* **Assignment**:
Repeat the data as given. Images do not go in the copy.

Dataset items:
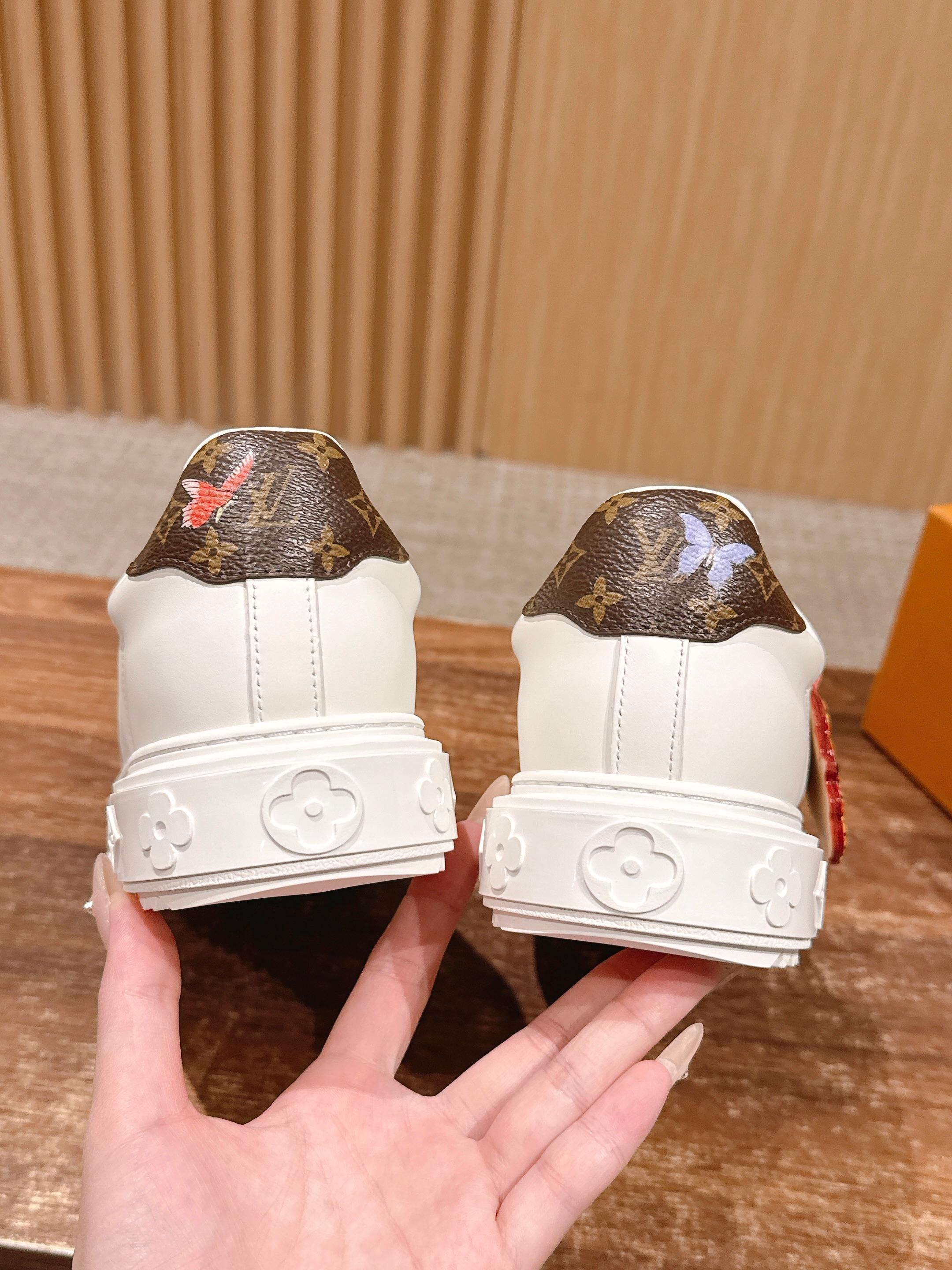 Louis Vuitton Women's White Leather Sneakers with Gold Accents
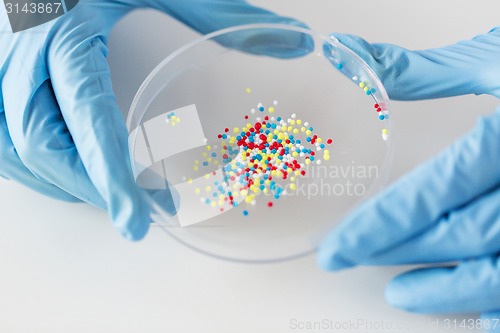 Image of close up of scientist hands holding chemical cure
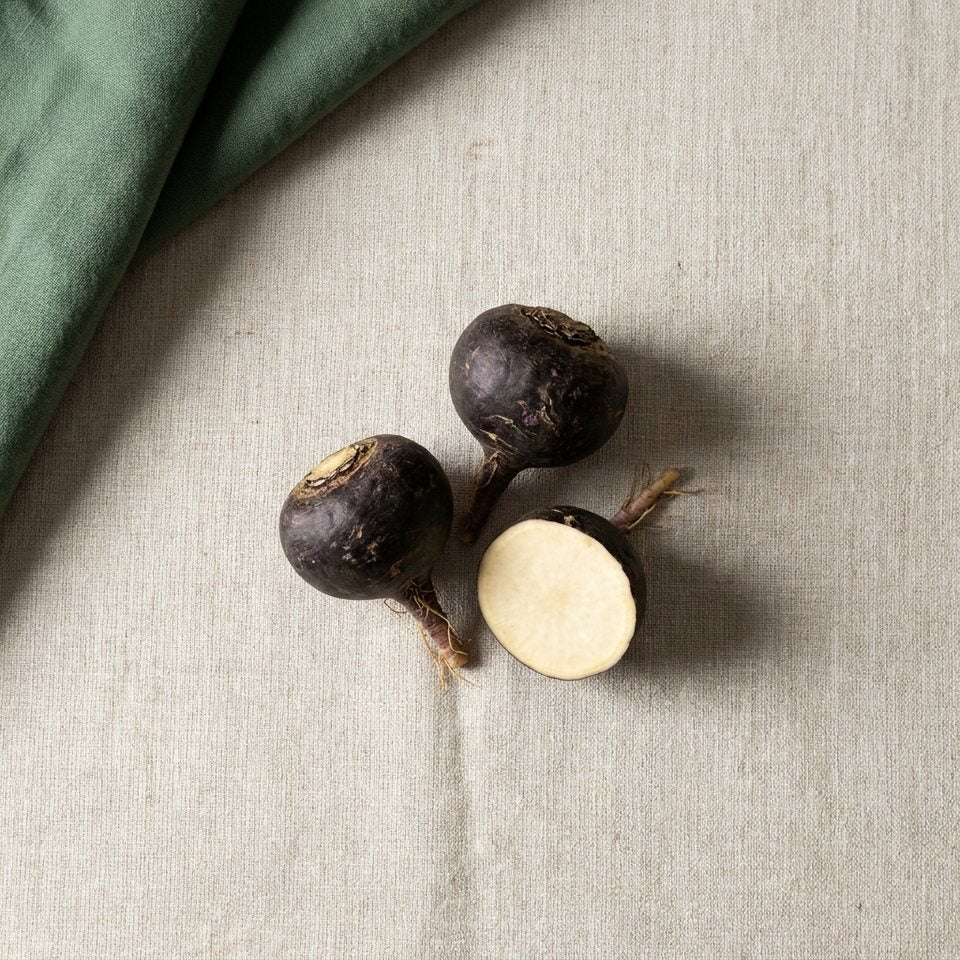 Black maca roots, one sliced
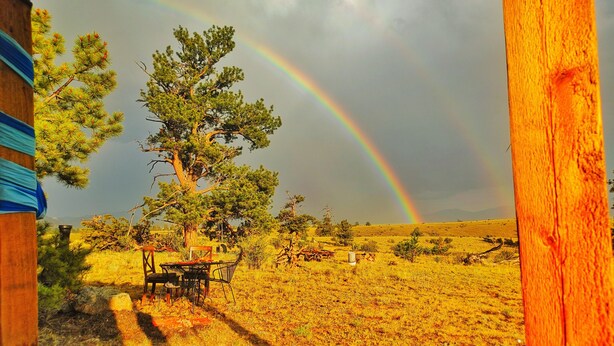 A wooden deck with a table and chairs, a tree, and a rainbow in a grassy field.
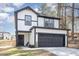 Two story home with black framed windows, a two-car garage, and a grassy front yard at 609 Rawls Dr, Raleigh, NC 27610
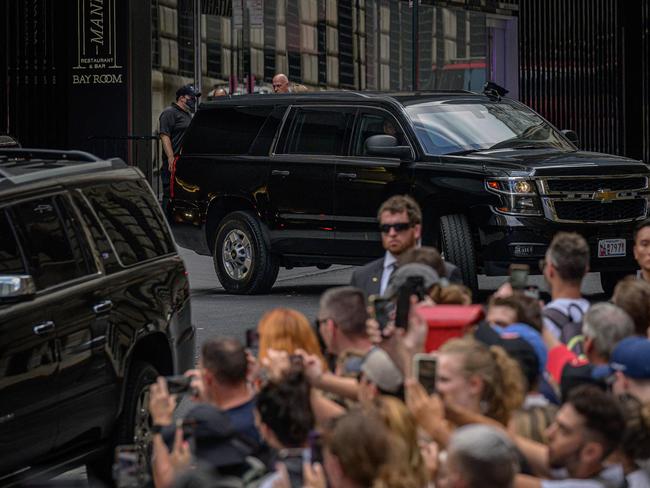 A vehicle carrying former US President Donald Trump has he leaves the office of the New York Attorney General in New York City on August 10, 2022. Picture: AFP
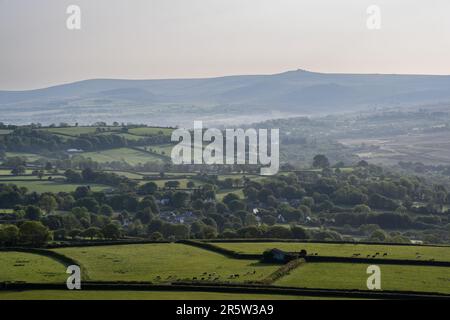 Morning light shines on the farmland and woods of the Lydford and North Brentor valleys under the hills and tors of Dartmoor in West Devon. Stock Photo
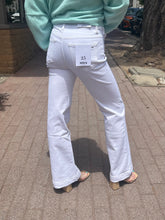 Person wearing light blue sweater and white jeans with a visible brand tag on a sidewalk.
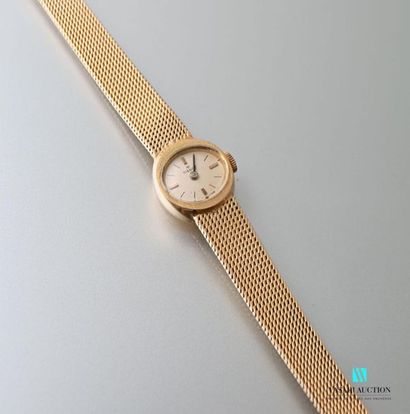 null Ladies' wristwatch in 750 thousandths yellow gold, the champagne dial marked...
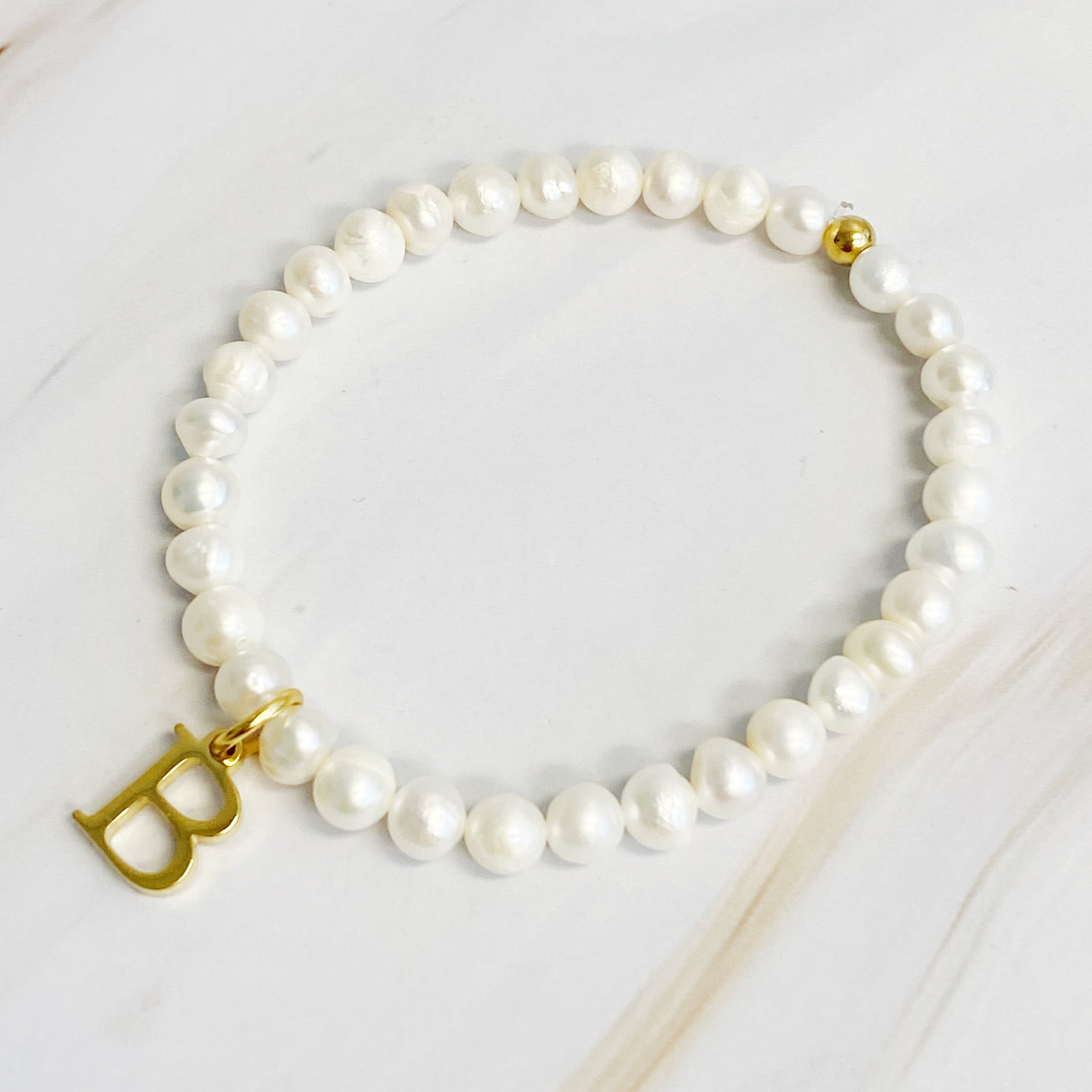 A stylish Freshwater Pearl Initial Charm Bracelet featuring genuine pearls and an 18k gold plated initial charm, perfect for personalized elegance.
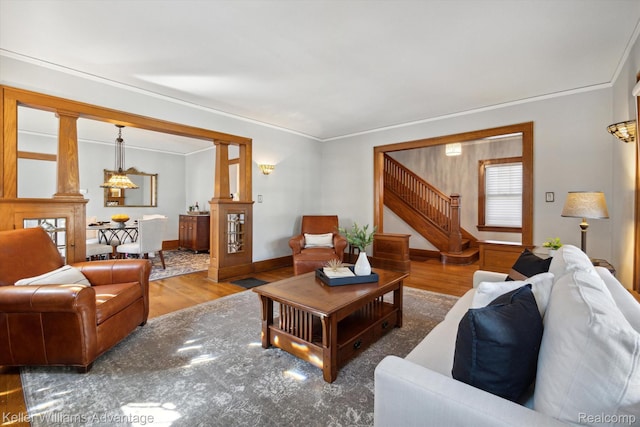 402 E 7th St, Royal Oak, MI 48067 - living room with wood finished floors, a chandelier, crown molding, and stairway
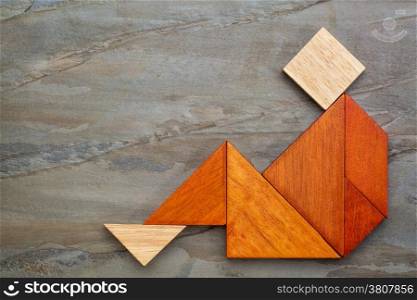 abstract sitting or relaxing figure built from seven tangram wooden pieces, a traditional Chinese puzzle game, slate rock background,artwork created by the photographer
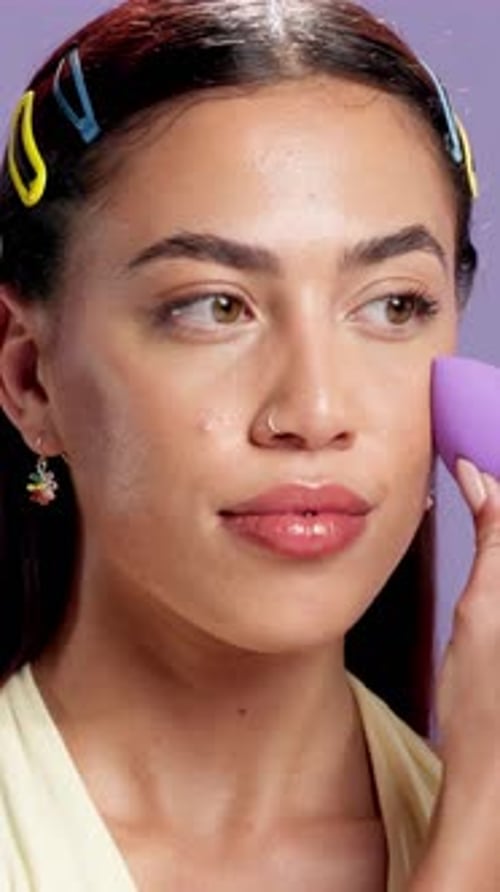 Blush, makeup and sponge with face of woman in studio for shine, foundation application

* **Expected answer**:
 Louis Vuitton Women's White Leather Sneakers with Gold Accents
 Image of close up of scientist hands holding chemical cure
 Black maca roots, one sliced
 A wooden deck with a table and chairs, a tree, and a rainbow in a grassy field.
 Two story home with black framed windows, a two-car garage, and a grassy front yard at 609 Rawls Dr, Raleigh, NC 27610
 A vehicle carrying former US President Donald Trump has he leaves the office of the New York Attorney General in New York City on August 10, 2022. Picture: AFP
 Morning light shines on the farmland and woods of the Lydford and North Brentor valleys under the hills and tors of Dartmoor in West Devon. Stock Photo
 Person wearing light blue sweater and white jeans with a visible brand tag on a sidewalk.
 null Ladies' wristwatch in 750 thousandths yellow gold, the champagne dial marked...
 A stylish Freshwater Pearl Initial Charm Bracelet featuring genuine pearls and an 18k gold plated initial charm, perfect for personalized elegance.
 402 E 7th St, Royal Oak, MI 48067 - living room with wood finished floors, a chandelier, crown molding, and stairway
 abstract sitting or relaxing figure built from seven tangram wooden pieces, a traditional Chinese puzzle game, slate rock background,artwork created by the photographer
 Blush, makeup and sponge with face of woman in studio for shine, foundation application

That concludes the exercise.